Retype the data exactly, skipping any picture in it.

◆ Dataset extract
((

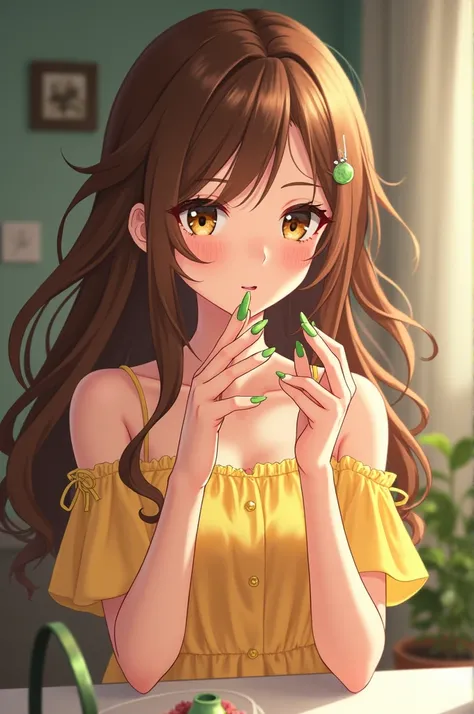 Anime girl painting her nails with green nail polish , brown hair just like your eyes , yellow dress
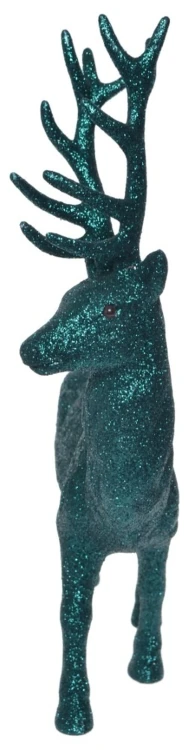 FIGURKA BROKATOWY ZIELONY RENIFER STOJĄCY 29X7X40 CM OZDOBA PREZENT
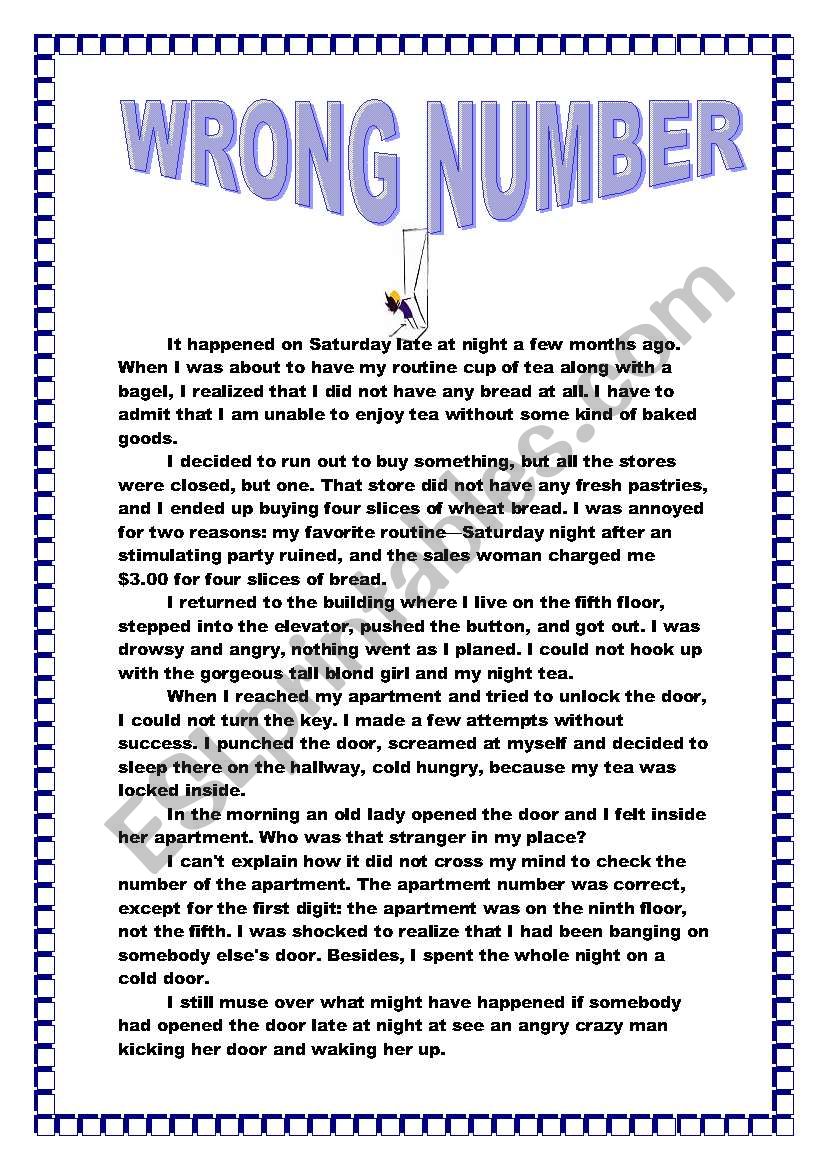 Wrong Number worksheet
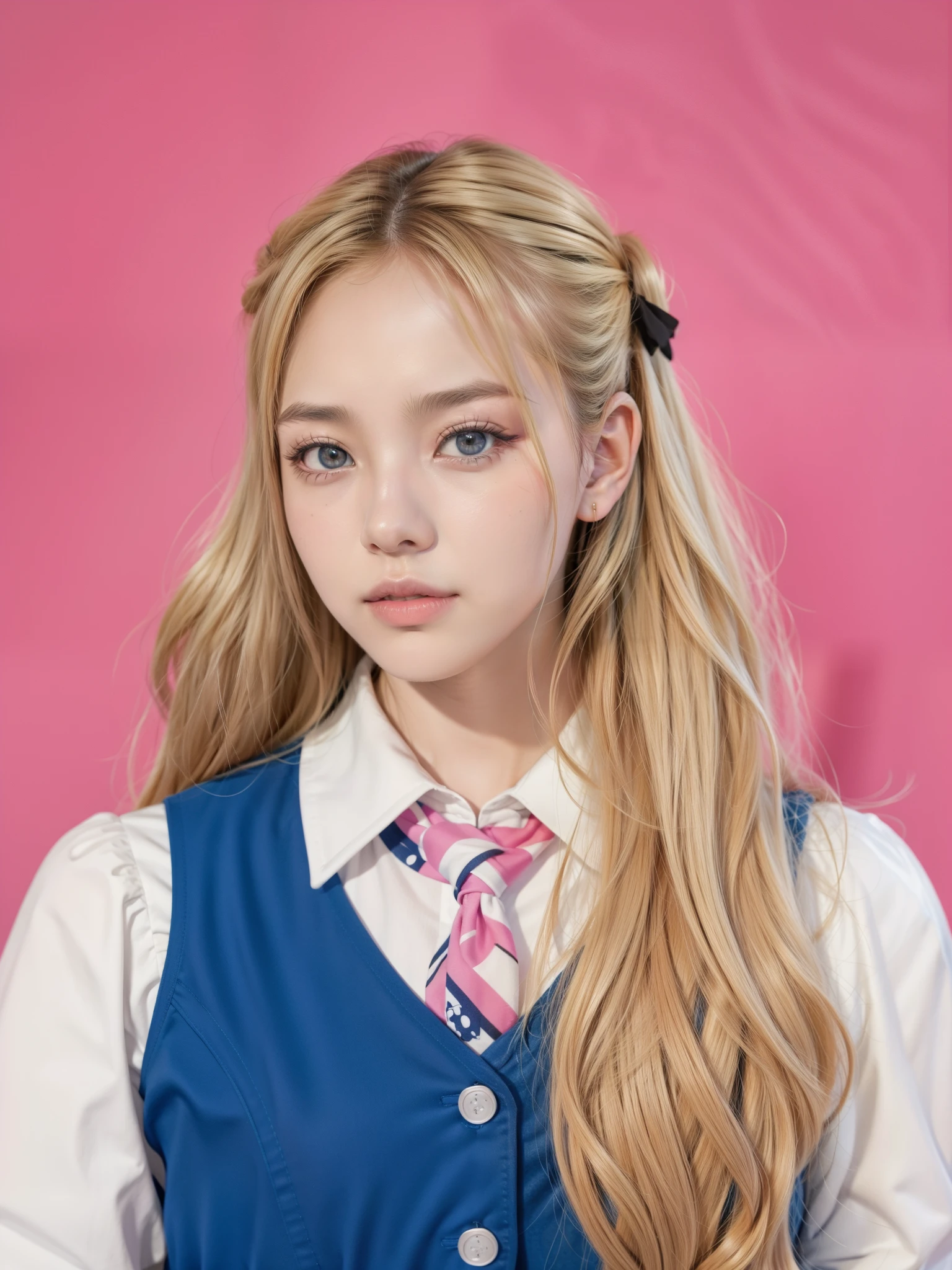 un primer plano de una persona que llevaba un chaleco azul y una corbata, portrait of jossi de blackpink, parque roseanne de blackpink, jossi de blackpink, Lalisa Manobal, Jennie rosa negra, Lalisa Manoban de Blackpink, jaeyeon nam, Kpop idol portrait, inspirado en Yanjun Cheng, sakimichan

))

◆ Finished exercise
 Anime girl painting her nails with green nail polish , brown hair just like your eyes , yellow dress
 FIGURKA BROKATOWY ZIELONY RENIFER STOJĄCY 29X7X40 CM OZDOBA PREZENT
 Wrong Number worksheet
 un primer plano de una persona que llevaba un chaleco azul y una corbata, portrait of jossi de blackpink, parque roseanne de blackpink, jossi de blackpink, Lalisa Manobal, Jennie rosa negra, Lalisa Manoban de Blackpink, jaeyeon nam, Kpop idol portrait, inspirado en Yanjun Cheng, sakimichan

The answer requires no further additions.